• _DATASET CONTENT_
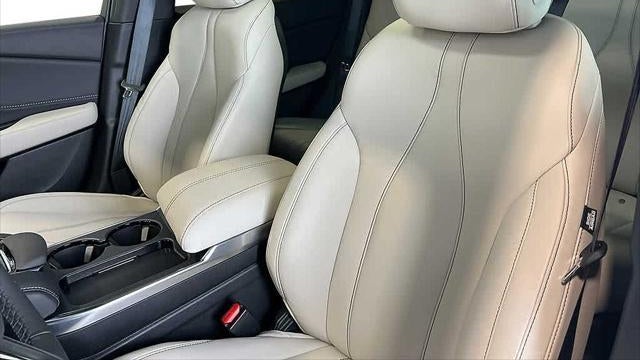 2026 Acura RDX SH-AWD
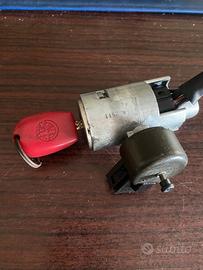 Commutatore da accensione alfa 166w6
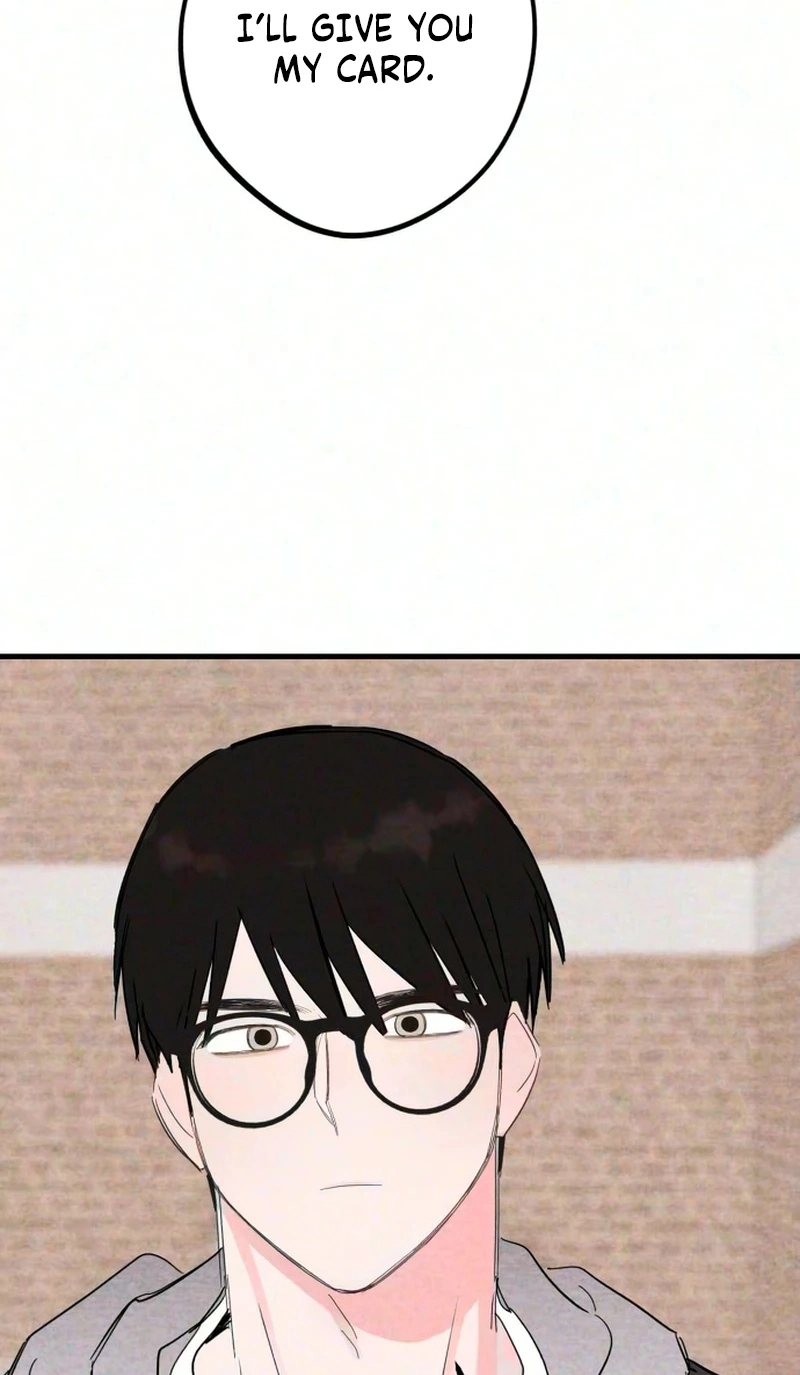 The Perfect Senior's Secret! Chapter 25 page 36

• _WHAT TO DO_
Everything in the listing except the pictures must be reproduced exactly.

• _ANSWER TO THE EXERCISE_
 2026 Acura RDX SH-AWD
 Commutatore da accensione alfa 166w6
 The Perfect Senior's Secret! Chapter 25 page 36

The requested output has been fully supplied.